### [INSTRUCTIONS TO FOLLOW]
Wherever a picture appears in the data below, omit it, and restate everything else word for word.

### [DATASET CONTENT]
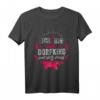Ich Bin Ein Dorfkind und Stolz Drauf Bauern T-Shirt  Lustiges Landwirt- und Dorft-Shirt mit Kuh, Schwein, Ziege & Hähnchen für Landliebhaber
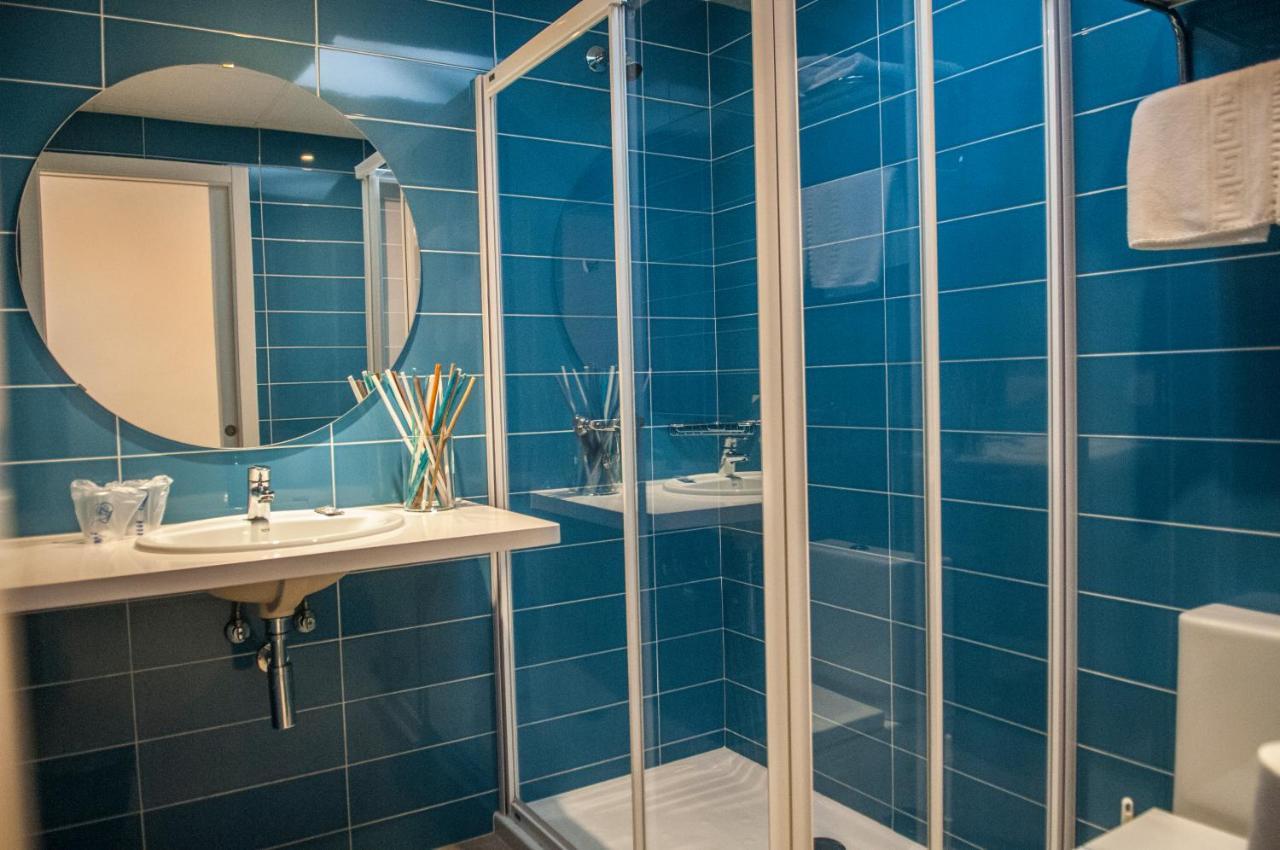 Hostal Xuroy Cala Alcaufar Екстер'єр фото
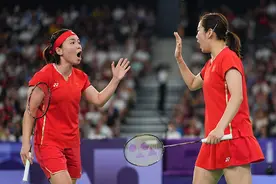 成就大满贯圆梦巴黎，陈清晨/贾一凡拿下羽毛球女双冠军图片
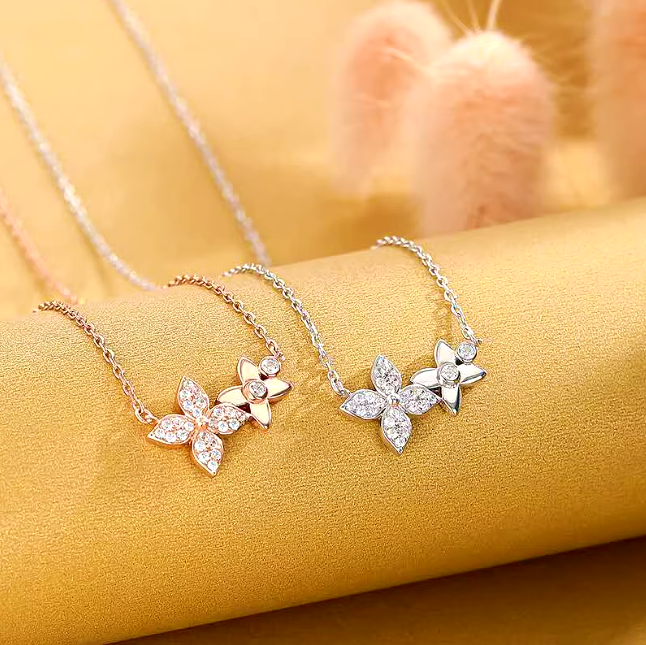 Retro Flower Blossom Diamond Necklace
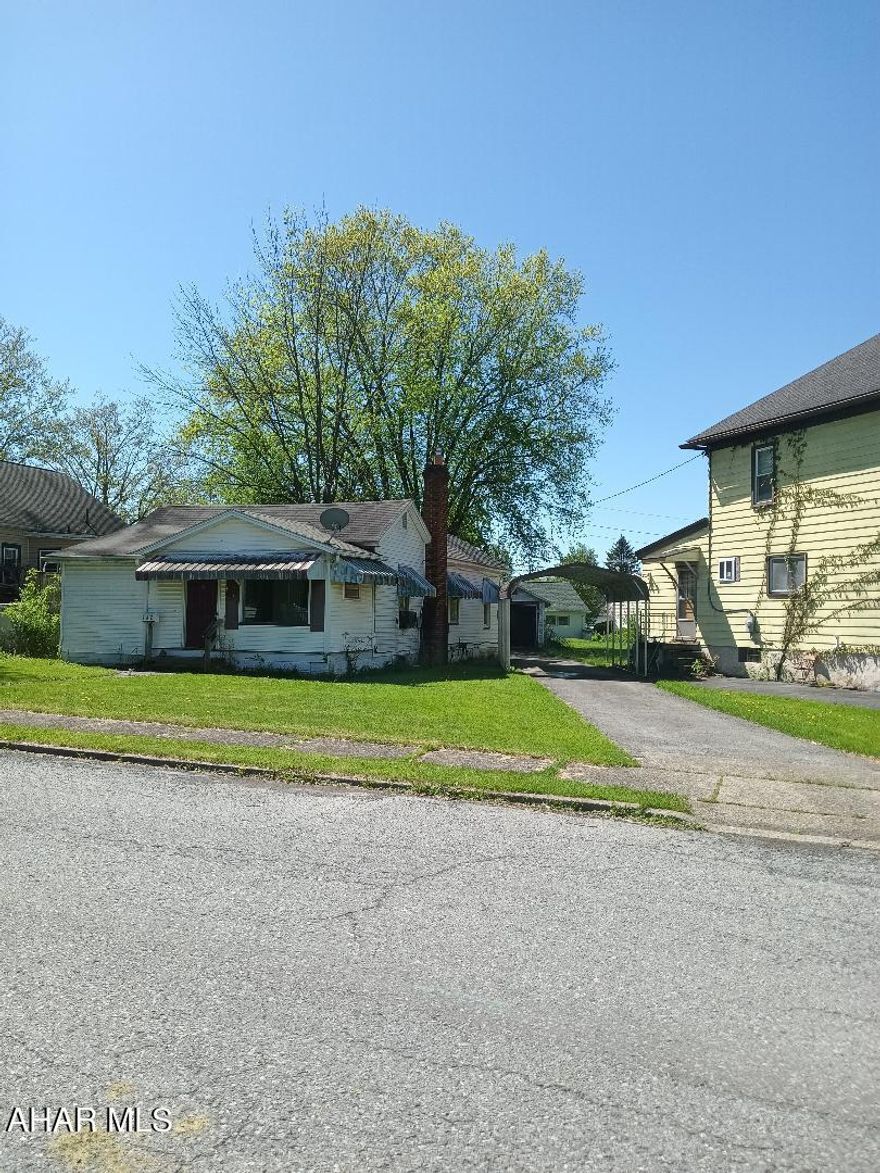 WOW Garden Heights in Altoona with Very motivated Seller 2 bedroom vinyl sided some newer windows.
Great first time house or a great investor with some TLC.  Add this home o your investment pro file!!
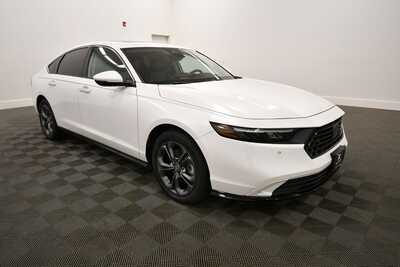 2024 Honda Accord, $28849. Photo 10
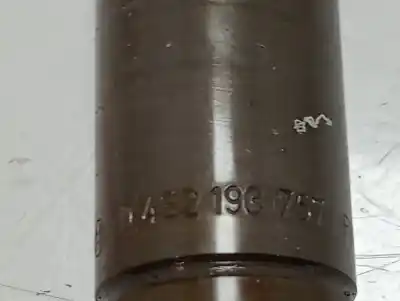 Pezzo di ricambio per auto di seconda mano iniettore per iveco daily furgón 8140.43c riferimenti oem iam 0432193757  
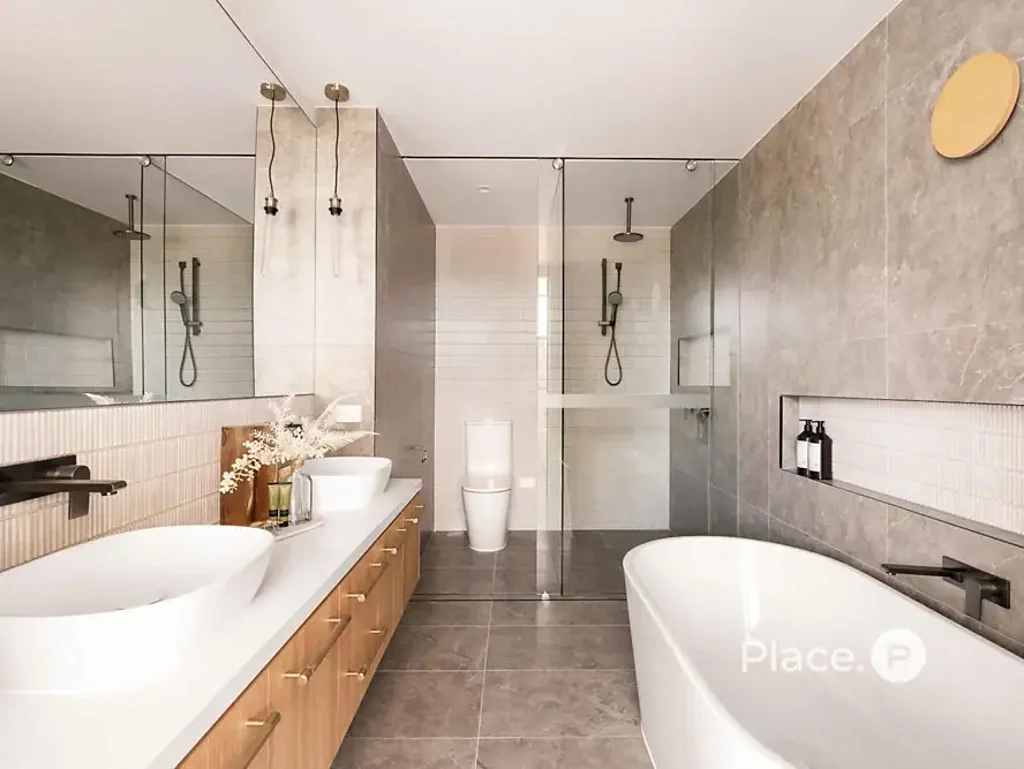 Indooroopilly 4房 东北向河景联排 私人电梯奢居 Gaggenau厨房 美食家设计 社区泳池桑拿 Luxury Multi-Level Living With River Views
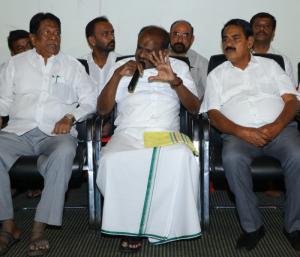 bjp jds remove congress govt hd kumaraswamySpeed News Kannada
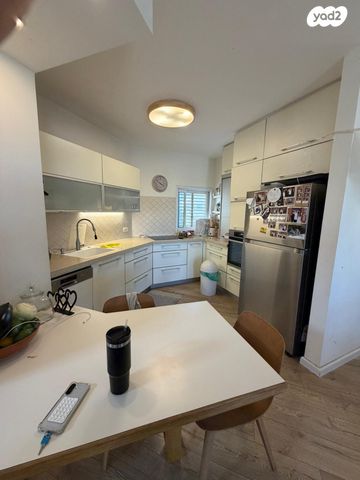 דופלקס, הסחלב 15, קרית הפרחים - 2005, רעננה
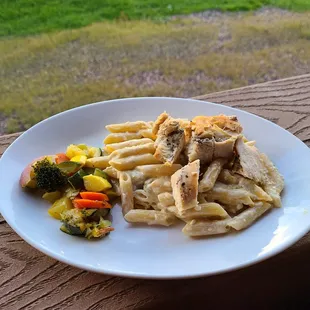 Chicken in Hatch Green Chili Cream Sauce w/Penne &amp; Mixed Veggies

### [RESPONSE BELOW]
Ich Bin Ein Dorfkind und Stolz Drauf Bauern T-Shirt  Lustiges Landwirt- und Dorft-Shirt mit Kuh, Schwein, Ziege & Hähnchen für Landliebhaber
 Hostal Xuroy Cala Alcaufar Екстер'єр фото
 成就大满贯圆梦巴黎，陈清晨/贾一凡拿下羽毛球女双冠军图片
 Retro Flower Blossom Diamond Necklace
 WOW Garden Heights in Altoona with Very motivated Seller 2 bedroom vinyl sided some newer windows.
Great first time house or a great investor with some TLC.  Add this home o your investment pro file!!
 2024 Honda Accord, $28849. Photo 10
 Pezzo di ricambio per auto di seconda mano iniettore per iveco daily furgón 8140.43c riferimenti oem iam 0432193757  
 Indooroopilly 4房 东北向河景联排 私人电梯奢居 Gaggenau厨房 美食家设计 社区泳池桑拿 Luxury Multi-Level Living With River Views
 bjp jds remove congress govt hd kumaraswamySpeed News Kannada
 דופלקס, הסחלב 15, קרית הפרחים - 2005, רעננה
 Chicken in Hatch Green Chili Cream Sauce w/Penne &amp; Mixed Veggies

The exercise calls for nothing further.